Mit einem Urteil wird in zwei bis drei Monaten gerechnet. Der frühere FDP-Innenminister Gerhart Baum rechnet damit, dass die Bestimmungen zur Vorratsdatenspeicherung auf keinen Fall Bestand haben wird. "Die Vorratsdatenspeicherung ist ausnahmslos grundgesetzwidrig", sagte Baum der Hessischen Niedersächsischen Allgemeinen.

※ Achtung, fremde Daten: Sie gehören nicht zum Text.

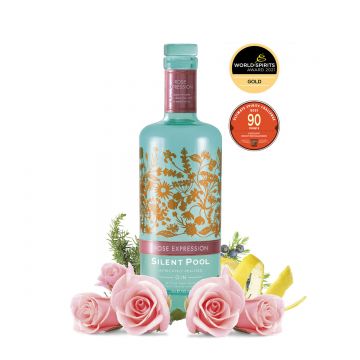 Silent Pool Rose Expression Gin 0.7L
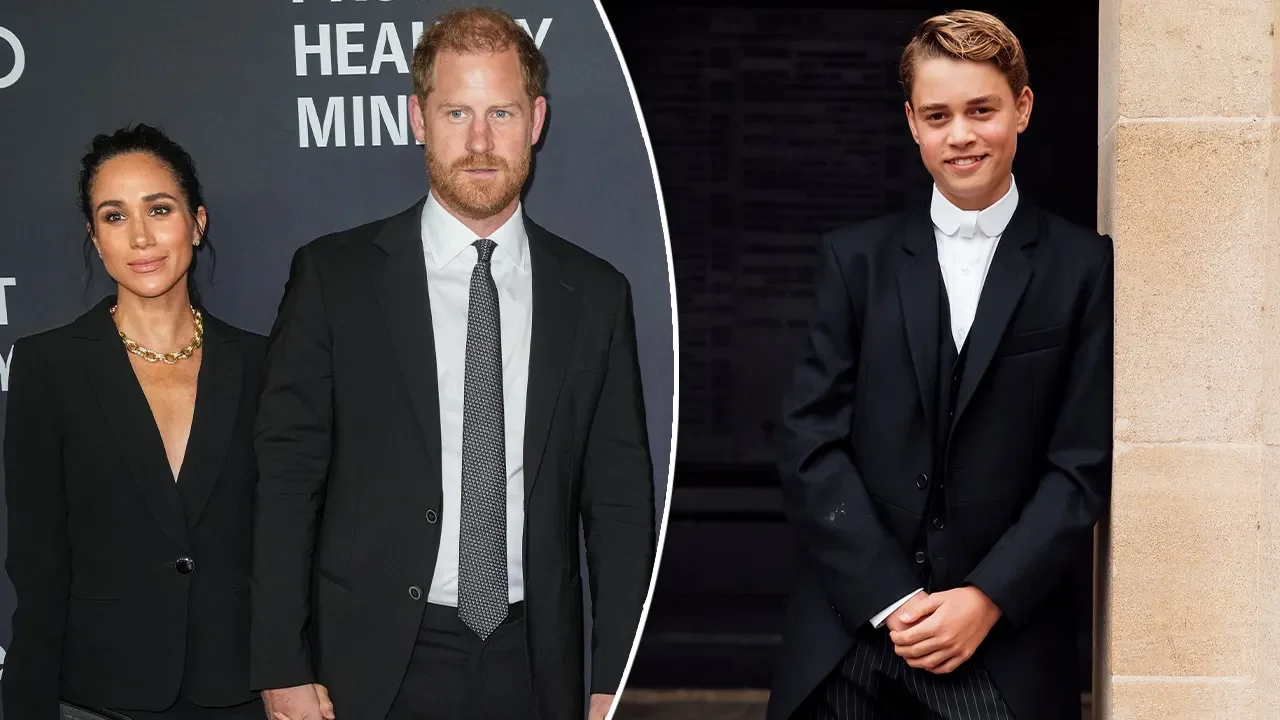 George Starts at Eton as Charles Sets Boundaries With Harry and Meghan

Mit der seit 2008 geltenden Pflicht zur Speicherung der Daten hatte die frühere große Koalition eine Richtlinie der Europäischen Union aus dem Jahr 2006 umgesetzt. Seit dem 1. Januar 2008 müssen Telefonanbieter Verbindungs- und Standortdaten ihrer Kunden verdachtsunabhängig aufbewahren (§ 113a TKG). Für die Internetprovider galt eine Übergangsfrist bis Januar 2009. Bei dieser Vorratsdatenspeicherung müssen Telekommunikationsanbieter sechs Monate lang speichern, wer mit wem wann telefoniert hat. Bei Mobilfunkgesprächen wird auch archiviert, von wo aus telefoniert wurde. Konkret gespeichert werden Rufnummer, Uhrzeit, Datum der Verbindung und – bei Handys – der Standort zu Beginn des Gesprächs. Bei Internet-Nutzern werden Daten zum Zugang (IP-Adresse) sowie zur E-Mail-Kommunikation und Internet-Telefonie erfasst. Der Kommunikationsinhalt oder der Aufruf einzelner Internetseiten sollen nicht gespeichert werden. Zugriff haben Polizei und Staatsanwaltschaft. Dafür brauchen sie in der Regel einen Richterbeschluss. Aber auch Geheimdiensten stehen die Vorratsdaten prinzipiell offen. In mehreren Verfügungen haben die Verfassungsrichter den Zugriff der Ermittler aber bis zu einer Entscheidung über die Klagen gegen die Vorratsdatenspeicherung stark eingeschränkt.